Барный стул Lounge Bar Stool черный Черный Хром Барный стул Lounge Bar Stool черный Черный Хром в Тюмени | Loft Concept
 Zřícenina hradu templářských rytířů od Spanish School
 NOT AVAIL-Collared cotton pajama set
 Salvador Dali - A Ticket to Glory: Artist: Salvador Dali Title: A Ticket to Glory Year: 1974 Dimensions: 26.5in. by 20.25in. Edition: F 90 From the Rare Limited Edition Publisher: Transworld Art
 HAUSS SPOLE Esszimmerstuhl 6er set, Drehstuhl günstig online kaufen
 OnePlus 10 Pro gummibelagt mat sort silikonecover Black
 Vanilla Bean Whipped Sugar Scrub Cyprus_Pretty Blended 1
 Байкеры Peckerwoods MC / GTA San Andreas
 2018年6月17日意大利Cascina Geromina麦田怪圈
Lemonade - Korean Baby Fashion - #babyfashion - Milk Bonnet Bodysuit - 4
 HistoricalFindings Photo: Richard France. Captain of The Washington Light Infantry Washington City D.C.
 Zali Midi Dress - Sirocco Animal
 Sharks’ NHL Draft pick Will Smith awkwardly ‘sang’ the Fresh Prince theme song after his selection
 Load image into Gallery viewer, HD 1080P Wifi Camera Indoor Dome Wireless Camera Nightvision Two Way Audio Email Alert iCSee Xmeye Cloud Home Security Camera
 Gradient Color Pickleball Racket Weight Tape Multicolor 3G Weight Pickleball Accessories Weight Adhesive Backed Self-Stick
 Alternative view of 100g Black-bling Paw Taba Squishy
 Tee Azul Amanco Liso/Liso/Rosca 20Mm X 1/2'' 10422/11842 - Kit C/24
+--
### Exercise
Go over the data above and copy every line that has the word "Black" in it.

### Finished task
 OnePlus 10 Pro gummibelagt mat sort silikonecover Black
 Alternative view of 100g Black-bling Paw Taba Squishy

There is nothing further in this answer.